On the last page of Vanity Fair every month is "Proust's Questionnaire", in which some celebrity (Shirley MacLaine! Gore Vidal! Liza Minelli!) answers an identical list of queries. "What's your favorite journey?" ("New York to Paris, unquestionably") "What do you most value in a man?" ("Courage, strength and a sense of humor") "What do you most value in a woman?" ("Beauty, grace and a sense of humor") and my very favorite, "What's your most overused phrase?"
To that, I realized the other day, after trying to thread a needle three times unsuccessfully, my own answer, were Vanity Fair ever to come calling, would be "God fucking damn it." I say it a lot.
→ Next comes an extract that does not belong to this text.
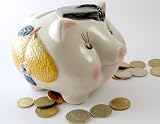 10 Money Saving Tips In The Kitchen 419w%2BrOjCdL. SL160 10 Money Saving Tips In The Kitchen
Mostly in my head or at least under my breath, but a lot. Almost any time I'm confronted with frustration great or small, my first response is "God fucking damn it" before I plunge in and try to right the wrong.
It's a ridiculous collection of words. What does it mean, beyond stringing together as much blasphemy as possible? Packing in the foul? But, for whatever reason, when I'm faced with the kid's dirty, discarded clothing on the floor of their bedroom or a duvet I just put on the comforter inside-out, or a trail of small, muddy footprints leading from the front door down the hall, it's somehow satisfying, somehow comforting to unleash this particular compact package of profanity.
I was washing the dishes the other day - it seems like I'm always washing the dishes - when a glass slipped out of my pink rubber-gloved hand and shattered in the sink. "God fucking damn it," I breathed. Lana, puzzling through her math homework at the counter looked up in surprise and amusement. I grinned at her. "Silly, right?" I said, "Silly thing to say?"
"God fucking damn it", she said, grinning, too, abandoning her arithmetic to retrieve a paper bag in which to put the shards.